Я наклонилась над столом, положила подбородок на сложенные руки, вцепилась пальцами в край стола и попыталась усмирить безрассудное желание. На Эдварда я не смотрела, опасаясь, что под его взглядом сохранять самообладание станет еще труднее. Я честно пыталась смотреть фильм, но к концу урока не имела ни малейшего представления об увиденном. Мистер Баннер включил свет, и я с облегчением вздохнула, наконец решившись взглянуть на Эдварда. Он смотрел на меня, в его взгляде чувствовалась неопределенность.

Он молча встал и замер, ожидая меня. Как и вчера, до спортзала мы дошли молча. И точно так же, как вчера, Эдвард без слов провел по моей щеке – на этот раз тыльной стороной ладони, легким движением от моего виска до подбородка, – потом развернулся и ушел.

Физкультура пролетела незаметно, пока я наблюдала за одиночной игрой в бадминтон в исполнении Майка.

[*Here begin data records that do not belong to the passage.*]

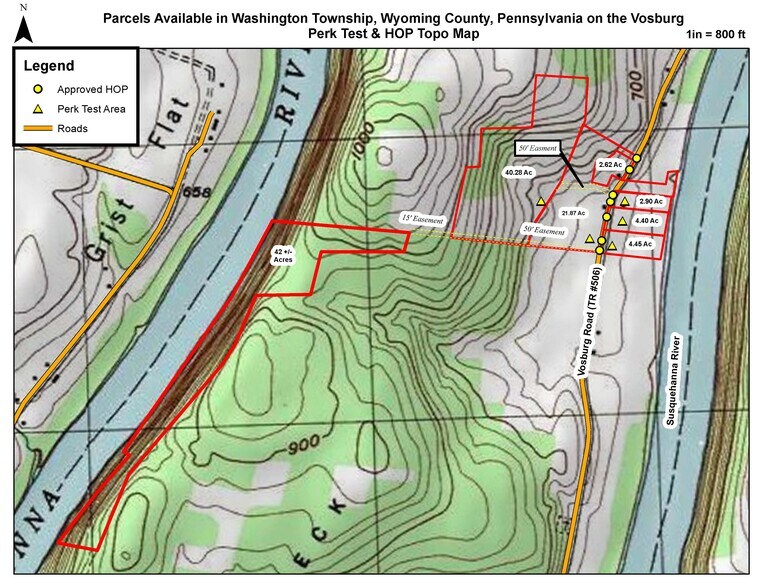 More Photos Of 391 Vosburg Rd, Tunkhannock Land For Sale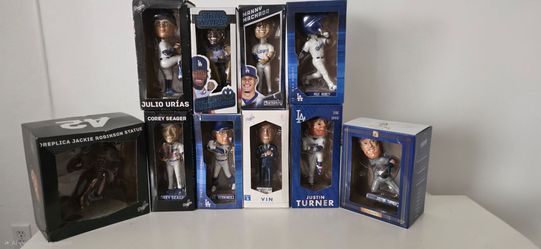 Dodgers bobbleheads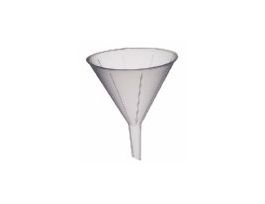Disposable PP Vented Utility Funnel, 50 mL, 100/Bag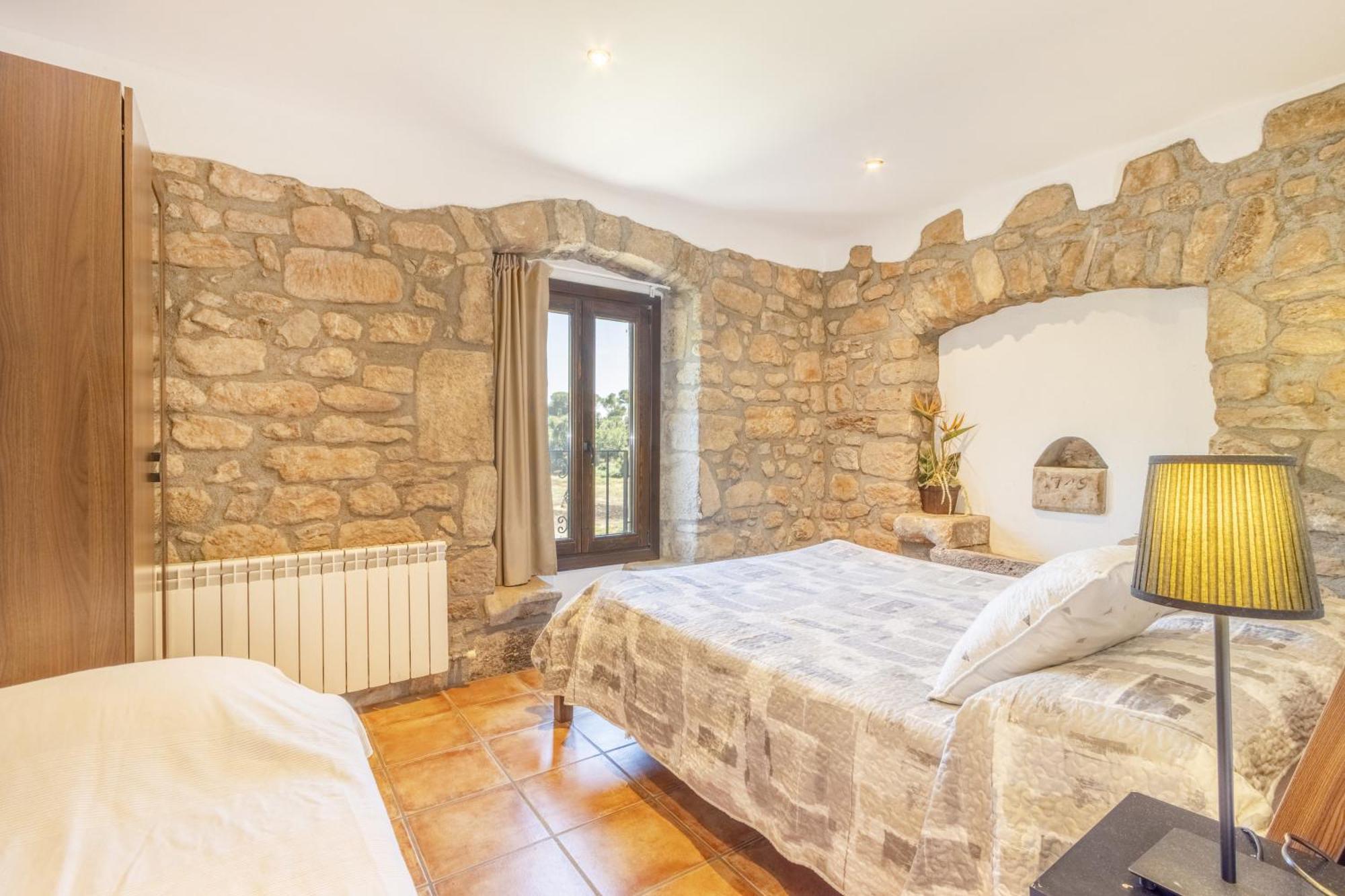 El Puig De Fonollet Villa Bagian luar foto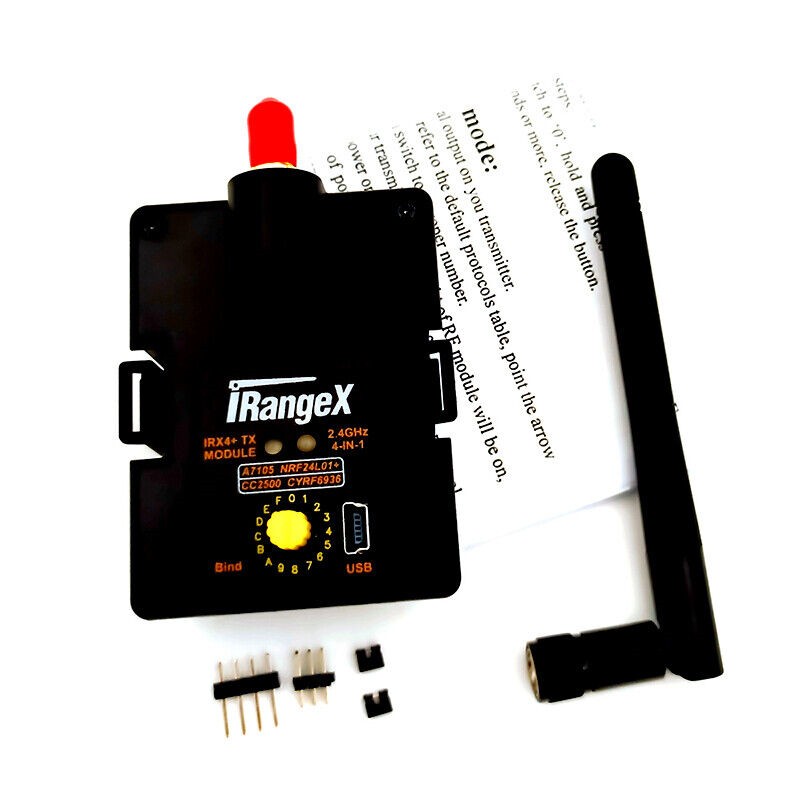 Frsky Receiver Module - ジャンパー 4IN1 マルチプロトコル RF モジュール STM32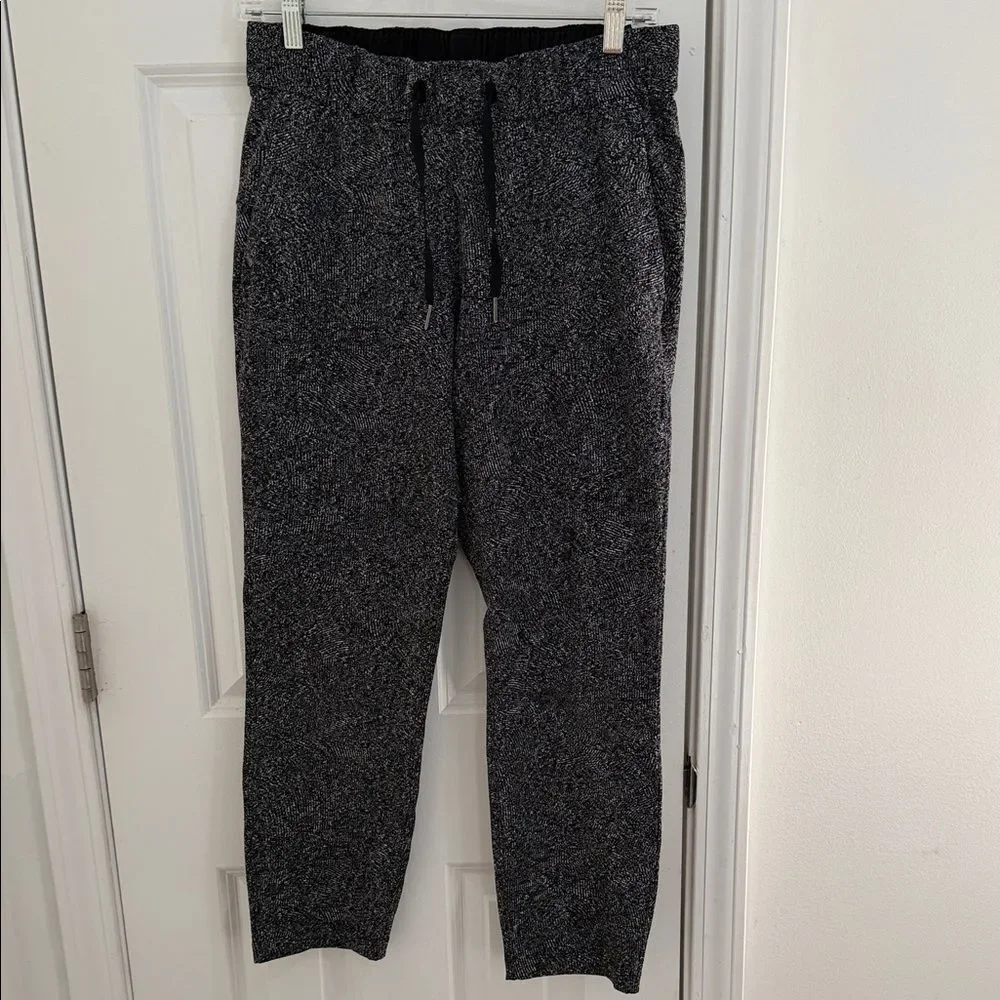 Lululemon Athletica Gray Track Pants Size 6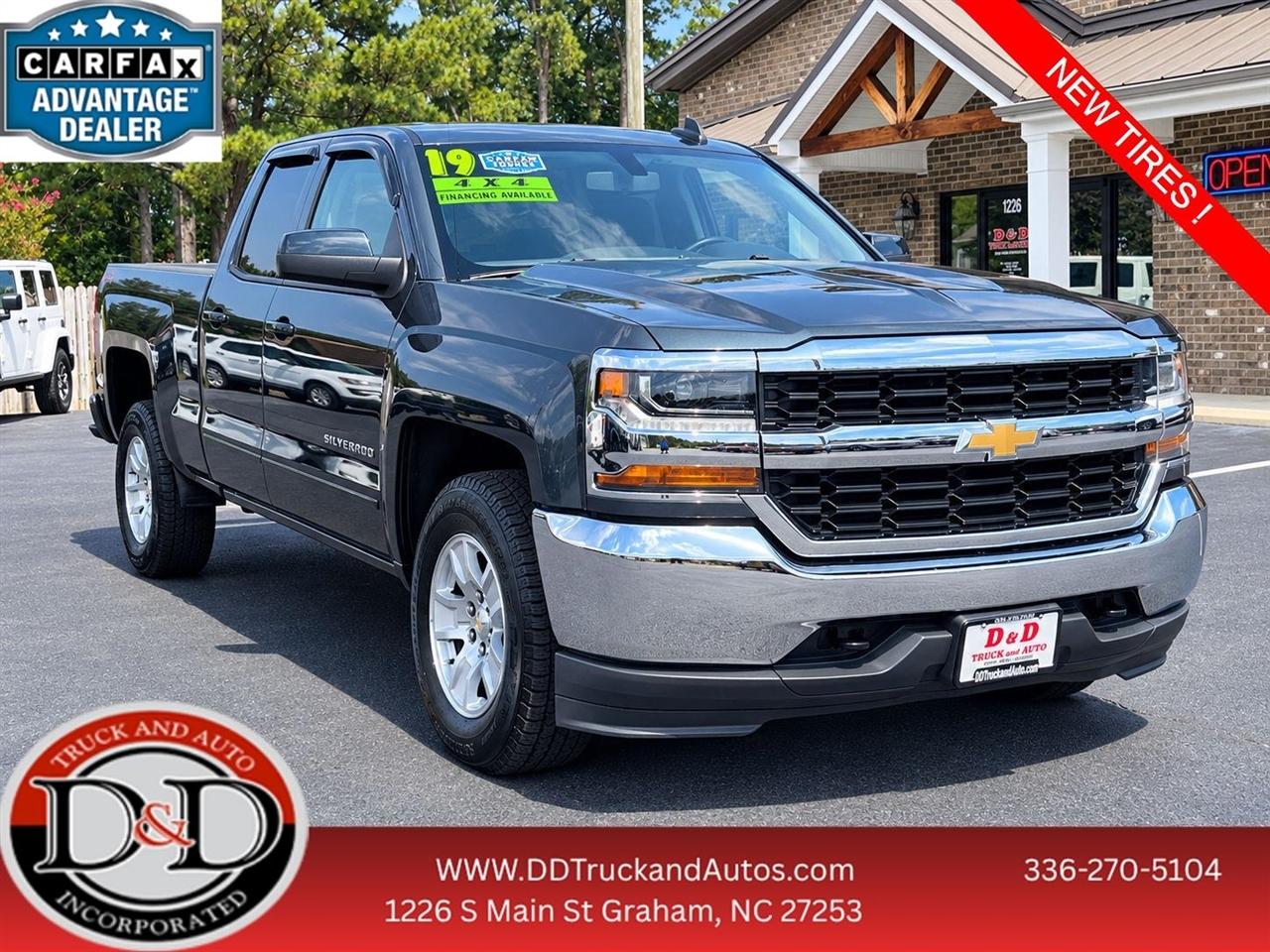 2019 Chevrolet Silverado 1500 LT Dbl Cab 4WD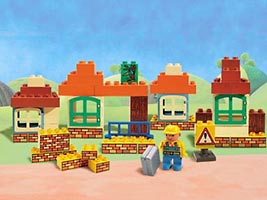 Набор LEGO 3275 Большая коробка Боба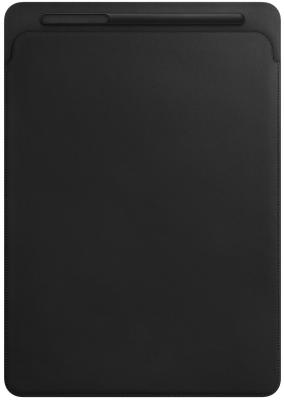 Чехол Apple "Leather Sleeve" для iPad Pro 12.9 чёрный MQ0U2ZM/A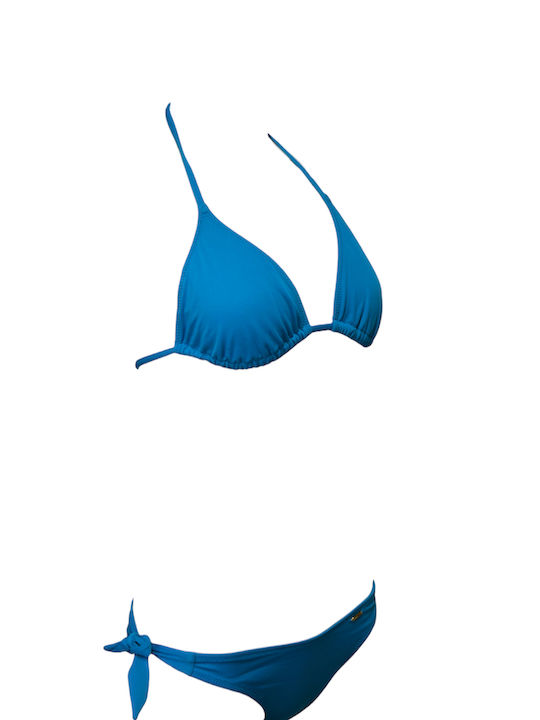 Set Bikini Triunghi & Brazilia Petrol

Сегодня он со мной не заговаривал: или заметил отсутствующее выражение моего лица, или все еще сердился из-за нашей вчерашней размолвки. Несмотря на всю неловкость, сейчас мне было не до примирений с Майком.

Сразу после урока я помчалась переодеваться, тревожась и зная, что чем быстрее я справлюсь, тем раньше увижусь с Эдвардом. В спешке я действовала более неловко, чем обычно, но когда все-таки выбралась из спортзала и увидела ждущего неподалеку Эдварда, то невольно расплылась в улыбке. Он улыбнулся в ответ и продолжил допрос с пристрастием.

Но теперь вопросы были другими, отвечать на них становилось все сложнее. Он хотел знать, чего мне недостает в Форксе по сравнению с Финиксом, а если я упоминала о чем-то незнакомом ему, требовал подробных объяснений. Мы просидели в машине перед домом Чарли несколько часов, тем временем небо потемнело, разверзлось и начался внезапный потоп.